Do you like Def Leppard? Pick up a Shania Twain cd.

Broheems (diamond), Friday, 5 December 2003 19:40 (twenty years ago) link

Also: Marty Stuart. Don't sleep on him. (Chuck hates him I think, maybe not.) Country Music is probably my favorite country music album of the year.

Haikunym (Haikunym), Friday, 5 December 2003 19:42 (twenty years ago) link

Dolly Parton "Baby I'm Burnin'" vs Exile "Kiss You All Over"

dave q, Friday, 5 December 2003 19:46 (twenty years ago) link

Sure, Morrissey and Country Dude both write songs they hope people will love -- but surely love for different reasons? (Note: I'm just playing devil's advocate here.)

Clarke B., Friday, 5 December 2003 19:58 (twenty years ago) link

Taverns always make for better drinking than clubs.

...and might a i also site the likes of:

Waylon Jennings
Connie Smith
Ernest Tubb

also see, What is Country?

christoff (christoff), Friday, 5 December 2003 19:59 (twenty years ago) link

Actually I think there are artists who write more to express themselves than to please other people. Maybe Morrissey was a bad example.

dave225 (Dave225), Friday, 5 December 2003 20:00 (twenty years ago) link

Also, lots of people are more likely to be entertained and pleased by music where it's not so obvious that the objective is to Entertain and Please.

Clarke B., Friday, 5 December 2003 20:03 (twenty years ago) link

TS: fun, interesting friend vs. friend who tries too hard to be liked

Clarke B., Friday, 5 December 2003 20:03 (twenty years ago) link

Actually I think there are artists who write more to express themselves than to please other people. Maybe Morrissey was a bad example.

i think nearly all artists of all stripes do it for both reasons.

fact checking cuz, Friday, 5 December 2003 20:04 (twenty years ago) link

The latter is good if you want someone else to pay your way.

xpost

dave225 (Dave225), Friday, 5 December 2003 20:04 (twenty years ago) link

As soon as I realized that the main reason for me hating it is because I grew up with a lot of people who loved it uncritically and was being a corny-ass "rebel" for all these years, I opened up to country radio a lot. Just listen to it during drive-time or something. You'll like some stuff and not-like other stuff. It won't have anything to do with fake twang or sociology or anything.

on the fucking money!

I've said this before, but what I like about mainstream, radio-friendly country music is the songcraft (Nashville still has a stable of mighty fine writers) and the subject matter.

This is music for the masses, buy it at wal-mart, dance to it every saturday night (dancing culture is HUGE in country, by the way) and it's addressing some really intense subject matter in a very adult way. It's talking about the emotions and issues that come with being married and having kids and growing older, and I don't get that anywhere else in pop music and rarely anywhere else either.

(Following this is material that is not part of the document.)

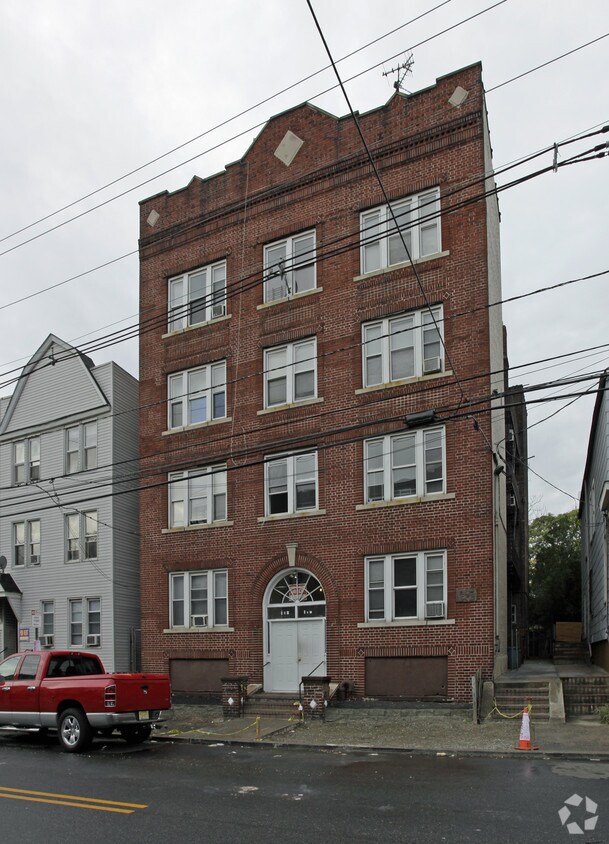 Foto del edificio - 185 Garfield Ave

Here are a couple from the top 20 Country chart last week.

http://www.countrylyrics.circularmoney.com/kennychesneytheregoesmylifelyrics.html.html
http://www.cowboylyrics.com/lyrics/atkins-rodney/honestly-write-me-a-list-10202.html

teeny (teeny), Friday, 5 December 2003 20:09 (twenty years ago) link

oh teeny you rule
I too like that Chesney song
it's corny...but true!

Haikunym (Haikunym), Friday, 5 December 2003 20:16 (twenty years ago) link

Sure it's true, but I want someone to tell me the truth interestingly, to bring a new angle on the truth. That Chesney song is so Hollywood -- it resonates because it confirms things we know to be true... but so what? I don't need to be told something I already know in a way that I'm already tired of. Form over content!!!!!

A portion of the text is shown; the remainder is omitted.